Former Chicago mayor Rahm Emanuel has focused on "commercial diplomacy" since arriving as US ambassador this year, pushing for business tie-ups in areas that have broader significance for economic security.
One US company is looking at a "major potential investment" related to chips in Japan, in what would mark the latest collaboration between the countries on semiconductors, Mr Emanuel told Reuters yesterday. He declined to elaborate or give a timeline.
"Commercial diplomacy is a big piece of an overarching economic collaboration and coordination between the United States and Japan," Mr Emanuel said.
The two countries agreed last Friday to establish a new joint research centre for next-generation semiconductors. Japan has said it will provide as much as 92.9 billion yen (S$967 million) to help US firm Western Digital Corp and partner Kioxia Holdings boost memory chip output at a Japanese plant.
Meanwhile, Tesla supplier Panasonic Holdings last month picked Kansas as the site for a new battery plant.

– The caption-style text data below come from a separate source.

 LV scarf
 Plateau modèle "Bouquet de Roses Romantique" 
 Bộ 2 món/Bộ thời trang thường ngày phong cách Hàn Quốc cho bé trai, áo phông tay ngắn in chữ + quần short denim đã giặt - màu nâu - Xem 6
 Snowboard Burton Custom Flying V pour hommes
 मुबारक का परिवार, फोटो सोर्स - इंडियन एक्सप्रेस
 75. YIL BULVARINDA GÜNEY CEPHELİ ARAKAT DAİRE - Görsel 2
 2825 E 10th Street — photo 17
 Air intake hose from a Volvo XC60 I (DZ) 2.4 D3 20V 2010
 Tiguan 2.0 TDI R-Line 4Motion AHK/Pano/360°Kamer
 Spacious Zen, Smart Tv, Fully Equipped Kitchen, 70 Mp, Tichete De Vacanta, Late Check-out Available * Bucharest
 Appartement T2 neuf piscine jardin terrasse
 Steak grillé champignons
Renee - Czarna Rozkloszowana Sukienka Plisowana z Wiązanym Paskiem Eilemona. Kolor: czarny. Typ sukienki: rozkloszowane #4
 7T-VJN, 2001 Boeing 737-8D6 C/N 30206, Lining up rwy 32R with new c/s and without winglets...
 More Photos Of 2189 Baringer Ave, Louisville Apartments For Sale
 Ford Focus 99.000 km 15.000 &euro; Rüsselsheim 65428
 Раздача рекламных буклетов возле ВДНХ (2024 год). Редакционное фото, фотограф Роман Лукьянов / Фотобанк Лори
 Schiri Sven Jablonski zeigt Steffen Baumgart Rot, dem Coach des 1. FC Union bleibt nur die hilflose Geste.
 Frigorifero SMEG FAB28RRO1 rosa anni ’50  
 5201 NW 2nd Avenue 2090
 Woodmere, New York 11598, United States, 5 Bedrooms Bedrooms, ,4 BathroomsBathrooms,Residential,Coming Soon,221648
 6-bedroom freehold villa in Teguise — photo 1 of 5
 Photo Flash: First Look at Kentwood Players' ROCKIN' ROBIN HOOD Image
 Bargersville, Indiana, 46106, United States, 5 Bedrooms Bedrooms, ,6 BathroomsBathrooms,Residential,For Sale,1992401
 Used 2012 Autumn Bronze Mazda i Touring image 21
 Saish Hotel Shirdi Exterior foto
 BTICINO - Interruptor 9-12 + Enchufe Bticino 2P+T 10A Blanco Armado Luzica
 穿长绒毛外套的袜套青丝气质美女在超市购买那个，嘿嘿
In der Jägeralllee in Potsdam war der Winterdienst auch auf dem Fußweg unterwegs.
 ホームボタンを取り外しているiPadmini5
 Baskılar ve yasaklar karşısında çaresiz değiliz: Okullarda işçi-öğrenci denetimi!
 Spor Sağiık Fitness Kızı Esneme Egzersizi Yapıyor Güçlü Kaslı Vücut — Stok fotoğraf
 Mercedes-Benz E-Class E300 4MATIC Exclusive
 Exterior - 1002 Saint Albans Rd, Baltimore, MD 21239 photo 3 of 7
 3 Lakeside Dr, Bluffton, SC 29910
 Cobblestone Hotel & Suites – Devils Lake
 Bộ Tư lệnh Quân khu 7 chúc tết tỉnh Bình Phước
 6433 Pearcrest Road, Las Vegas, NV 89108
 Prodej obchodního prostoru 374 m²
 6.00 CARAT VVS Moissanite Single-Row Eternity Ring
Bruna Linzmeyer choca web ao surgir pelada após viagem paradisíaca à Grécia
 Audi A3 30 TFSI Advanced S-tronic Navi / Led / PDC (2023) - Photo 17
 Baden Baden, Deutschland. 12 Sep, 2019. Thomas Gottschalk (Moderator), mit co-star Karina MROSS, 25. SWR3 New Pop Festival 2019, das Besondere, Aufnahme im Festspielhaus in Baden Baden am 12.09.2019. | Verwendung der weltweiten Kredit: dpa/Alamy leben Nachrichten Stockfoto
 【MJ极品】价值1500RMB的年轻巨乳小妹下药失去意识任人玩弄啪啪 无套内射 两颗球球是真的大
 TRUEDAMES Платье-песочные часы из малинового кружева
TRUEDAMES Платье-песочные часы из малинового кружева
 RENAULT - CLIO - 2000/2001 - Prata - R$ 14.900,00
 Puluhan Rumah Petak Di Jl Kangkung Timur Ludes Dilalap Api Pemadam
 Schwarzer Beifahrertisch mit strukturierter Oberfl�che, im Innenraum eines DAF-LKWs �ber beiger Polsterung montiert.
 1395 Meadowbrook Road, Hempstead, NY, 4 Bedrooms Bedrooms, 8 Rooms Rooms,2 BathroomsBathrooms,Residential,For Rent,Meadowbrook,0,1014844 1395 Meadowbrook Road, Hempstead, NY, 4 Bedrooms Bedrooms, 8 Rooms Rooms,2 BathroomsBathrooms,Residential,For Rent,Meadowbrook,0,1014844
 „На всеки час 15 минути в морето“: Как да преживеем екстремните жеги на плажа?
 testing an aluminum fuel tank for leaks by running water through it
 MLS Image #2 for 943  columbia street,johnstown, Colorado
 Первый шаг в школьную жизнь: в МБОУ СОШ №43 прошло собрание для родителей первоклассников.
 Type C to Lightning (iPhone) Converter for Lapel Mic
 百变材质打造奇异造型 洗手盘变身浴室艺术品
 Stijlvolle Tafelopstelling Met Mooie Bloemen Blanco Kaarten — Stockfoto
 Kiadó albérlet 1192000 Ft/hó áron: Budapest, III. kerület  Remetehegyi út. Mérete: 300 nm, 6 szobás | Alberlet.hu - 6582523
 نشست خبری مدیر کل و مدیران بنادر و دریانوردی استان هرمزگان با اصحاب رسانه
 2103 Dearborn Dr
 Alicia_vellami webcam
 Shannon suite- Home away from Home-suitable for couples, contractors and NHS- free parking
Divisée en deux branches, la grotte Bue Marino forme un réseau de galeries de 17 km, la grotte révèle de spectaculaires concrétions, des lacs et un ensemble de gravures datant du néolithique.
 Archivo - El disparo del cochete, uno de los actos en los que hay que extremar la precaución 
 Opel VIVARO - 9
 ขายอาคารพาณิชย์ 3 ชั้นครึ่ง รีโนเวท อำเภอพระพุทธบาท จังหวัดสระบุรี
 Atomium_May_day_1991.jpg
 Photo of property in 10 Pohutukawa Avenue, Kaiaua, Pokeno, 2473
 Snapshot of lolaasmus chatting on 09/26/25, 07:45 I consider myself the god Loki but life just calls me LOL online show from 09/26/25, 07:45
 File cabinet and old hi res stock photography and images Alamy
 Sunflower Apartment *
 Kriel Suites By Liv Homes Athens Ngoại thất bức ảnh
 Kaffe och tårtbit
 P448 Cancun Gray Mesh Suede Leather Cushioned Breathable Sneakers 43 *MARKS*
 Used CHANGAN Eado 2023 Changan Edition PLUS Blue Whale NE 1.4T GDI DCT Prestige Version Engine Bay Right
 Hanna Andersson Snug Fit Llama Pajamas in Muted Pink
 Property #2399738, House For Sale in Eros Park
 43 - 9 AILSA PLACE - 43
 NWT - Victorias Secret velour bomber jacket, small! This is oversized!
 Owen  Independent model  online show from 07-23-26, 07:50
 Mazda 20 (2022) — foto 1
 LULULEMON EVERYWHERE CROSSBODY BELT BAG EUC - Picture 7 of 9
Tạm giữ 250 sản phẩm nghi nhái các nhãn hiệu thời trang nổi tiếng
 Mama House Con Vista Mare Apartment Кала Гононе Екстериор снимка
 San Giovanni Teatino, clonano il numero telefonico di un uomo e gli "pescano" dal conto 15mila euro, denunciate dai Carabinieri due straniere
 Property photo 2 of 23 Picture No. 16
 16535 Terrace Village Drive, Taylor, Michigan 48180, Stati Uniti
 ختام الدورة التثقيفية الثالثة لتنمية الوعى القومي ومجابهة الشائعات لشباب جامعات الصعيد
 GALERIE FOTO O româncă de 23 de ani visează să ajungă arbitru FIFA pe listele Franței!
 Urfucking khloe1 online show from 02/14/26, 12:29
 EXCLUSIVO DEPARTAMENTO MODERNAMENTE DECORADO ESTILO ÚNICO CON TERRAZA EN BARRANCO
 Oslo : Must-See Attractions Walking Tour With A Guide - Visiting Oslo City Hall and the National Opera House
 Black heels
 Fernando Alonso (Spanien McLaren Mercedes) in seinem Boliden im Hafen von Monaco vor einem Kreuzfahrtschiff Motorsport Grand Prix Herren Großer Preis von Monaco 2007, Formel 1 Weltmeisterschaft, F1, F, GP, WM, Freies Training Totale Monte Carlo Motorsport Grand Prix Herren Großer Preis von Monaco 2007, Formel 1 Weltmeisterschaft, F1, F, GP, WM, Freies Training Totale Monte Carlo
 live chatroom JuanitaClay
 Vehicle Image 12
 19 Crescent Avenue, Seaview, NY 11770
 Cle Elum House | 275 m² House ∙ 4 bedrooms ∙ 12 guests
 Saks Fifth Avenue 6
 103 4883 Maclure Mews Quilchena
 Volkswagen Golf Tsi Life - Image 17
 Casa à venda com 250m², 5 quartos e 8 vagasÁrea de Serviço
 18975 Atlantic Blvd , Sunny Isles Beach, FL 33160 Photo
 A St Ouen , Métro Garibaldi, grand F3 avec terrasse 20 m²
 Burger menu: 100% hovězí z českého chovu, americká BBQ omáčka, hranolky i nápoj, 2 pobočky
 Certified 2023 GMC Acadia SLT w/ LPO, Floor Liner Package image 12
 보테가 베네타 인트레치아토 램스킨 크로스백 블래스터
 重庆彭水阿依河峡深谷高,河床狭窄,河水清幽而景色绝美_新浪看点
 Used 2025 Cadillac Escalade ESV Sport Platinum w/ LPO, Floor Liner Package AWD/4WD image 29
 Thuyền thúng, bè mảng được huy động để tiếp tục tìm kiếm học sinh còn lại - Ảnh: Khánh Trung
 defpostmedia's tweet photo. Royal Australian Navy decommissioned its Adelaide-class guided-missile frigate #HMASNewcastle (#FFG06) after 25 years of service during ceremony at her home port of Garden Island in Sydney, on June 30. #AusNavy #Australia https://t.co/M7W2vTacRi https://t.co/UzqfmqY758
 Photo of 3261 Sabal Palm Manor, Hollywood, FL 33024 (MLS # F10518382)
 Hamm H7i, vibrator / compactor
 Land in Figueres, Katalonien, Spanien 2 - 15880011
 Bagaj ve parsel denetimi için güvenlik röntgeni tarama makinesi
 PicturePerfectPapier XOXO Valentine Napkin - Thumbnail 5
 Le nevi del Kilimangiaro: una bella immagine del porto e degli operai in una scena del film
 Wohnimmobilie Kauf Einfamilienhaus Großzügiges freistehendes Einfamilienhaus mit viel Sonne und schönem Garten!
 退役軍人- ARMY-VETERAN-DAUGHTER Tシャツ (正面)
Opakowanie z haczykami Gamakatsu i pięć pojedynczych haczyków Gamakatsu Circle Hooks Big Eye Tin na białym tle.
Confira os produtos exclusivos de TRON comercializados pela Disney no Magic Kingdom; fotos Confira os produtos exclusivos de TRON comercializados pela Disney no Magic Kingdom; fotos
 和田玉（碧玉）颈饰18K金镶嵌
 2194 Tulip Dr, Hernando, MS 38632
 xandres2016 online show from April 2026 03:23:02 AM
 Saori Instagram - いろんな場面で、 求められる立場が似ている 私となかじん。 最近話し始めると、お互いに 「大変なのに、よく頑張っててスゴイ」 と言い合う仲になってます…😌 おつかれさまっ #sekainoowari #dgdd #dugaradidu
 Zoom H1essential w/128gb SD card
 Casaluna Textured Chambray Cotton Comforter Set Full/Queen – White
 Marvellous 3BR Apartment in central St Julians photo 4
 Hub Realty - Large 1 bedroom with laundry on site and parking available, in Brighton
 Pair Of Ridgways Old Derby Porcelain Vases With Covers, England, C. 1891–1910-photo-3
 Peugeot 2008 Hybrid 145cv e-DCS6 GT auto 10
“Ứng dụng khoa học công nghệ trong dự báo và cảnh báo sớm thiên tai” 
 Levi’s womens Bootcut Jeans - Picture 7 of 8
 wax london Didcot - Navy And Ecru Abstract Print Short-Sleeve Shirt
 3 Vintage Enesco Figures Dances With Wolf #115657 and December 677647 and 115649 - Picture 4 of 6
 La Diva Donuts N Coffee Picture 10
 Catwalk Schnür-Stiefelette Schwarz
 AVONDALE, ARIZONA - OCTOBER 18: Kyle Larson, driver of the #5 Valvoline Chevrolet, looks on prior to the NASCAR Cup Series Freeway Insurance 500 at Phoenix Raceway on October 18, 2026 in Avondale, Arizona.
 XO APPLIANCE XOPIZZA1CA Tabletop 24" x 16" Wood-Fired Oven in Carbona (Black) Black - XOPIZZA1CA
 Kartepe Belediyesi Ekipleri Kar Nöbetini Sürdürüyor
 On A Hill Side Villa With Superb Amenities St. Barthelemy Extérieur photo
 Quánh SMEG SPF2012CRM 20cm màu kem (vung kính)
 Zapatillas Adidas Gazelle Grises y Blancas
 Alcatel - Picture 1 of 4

That deal came together, Mr Emanuel said, after US President Joe Biden talked with Panasonic executives while in Japan. The cooperation comes as China has used its economic strength to pressure other countries, Mr Emanuel said.
"There's a pattern here: if they don't like what you say politically, they put the muscle on you economically," he said, citing Japan's experience more than a decade ago when Beijing restricted rare earth export quotas after a territorial dispute.
In a joint statement last Friday, US and Japanese ministers said they opposed "economic coercion", although they did not name a specific country. But US Secretary of State Antony Blinken said during a news briefing that "the coercive and retaliatory economic practices of the People's Republic of China force countries into choices that compromise their security, their intellectual property, their economic independence."
China has repeatedly said it never uses economic coercion against any country and is firmly opposed to all forms of coercion, politically and diplomatically. It has accused Washington of engaging in economic coercion in the name of national security.
Mr Emanuel said that if a country faces Chinese pressure, the US has to counter with "economic incentives", including using energy resources as a "strategic asset".
Japan, the world's largest liquefied natural gas (LNG) buyer, is a growing market for US natural gas. Between 2018 and 2021, Japanese imports of LNG from the US more than doubled, Japanese government data shows. The advanced nuclear reactors known as small modular reactors are another area of collaboration.
Concerns about Chinese tensions with Taiwan, which makes the vast majority of semiconductors under 10 nanometres that are used in smartphones, have driven countries like the US and Japan to step up their investment in chip production.
Mr Emanuel said there also needed to be more investment in training skilled workers to support the chip industry. "We both have to invest in more scientists, more engineers and in workers to do this," he said.